▸ **What is needed**
Exact transcription of the data below is required, without the images.
(Beginning of Given information)
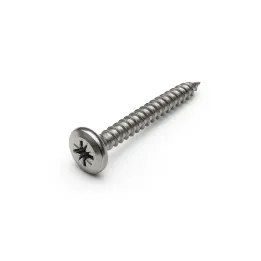 1 Vis pour agglomere cylindrique empreinte pozidrive vue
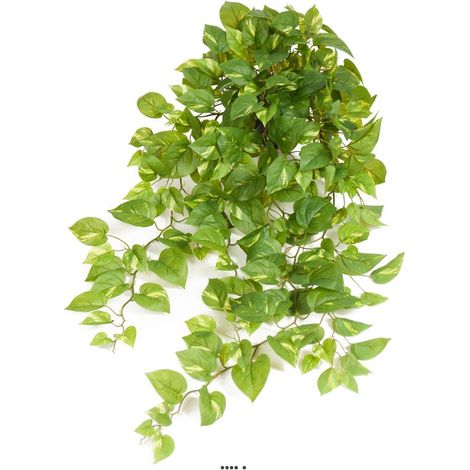 Pothos artificiel retombant en pot, L 100 cm (1/3)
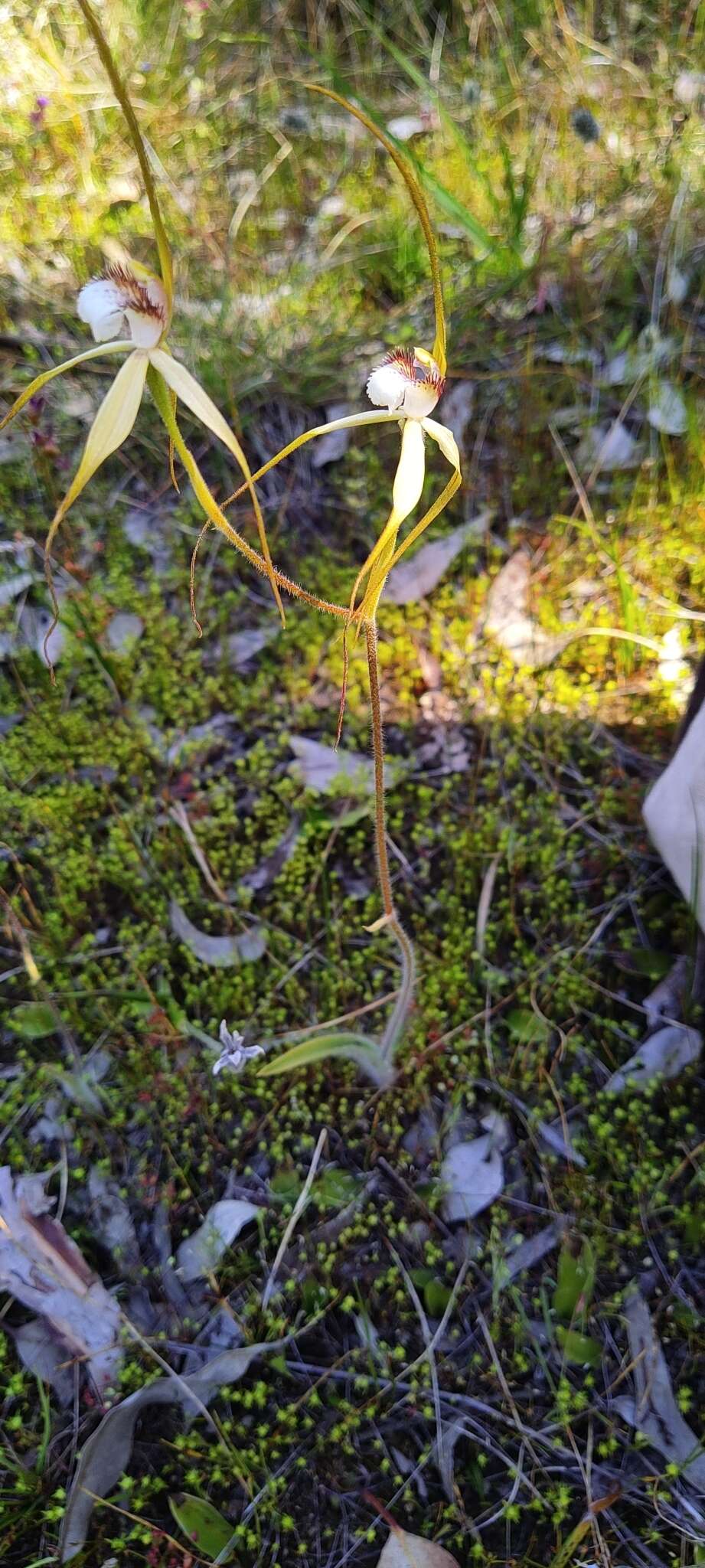 Image of Northern darting spider orchid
(End of Given information)
▸ **Answer to the exercise**
 1 Vis pour agglomere cylindrique empreinte pozidrive vue
 Pothos artificiel retombant en pot, L 100 cm (1/3)
 Image of Northern darting spider orchid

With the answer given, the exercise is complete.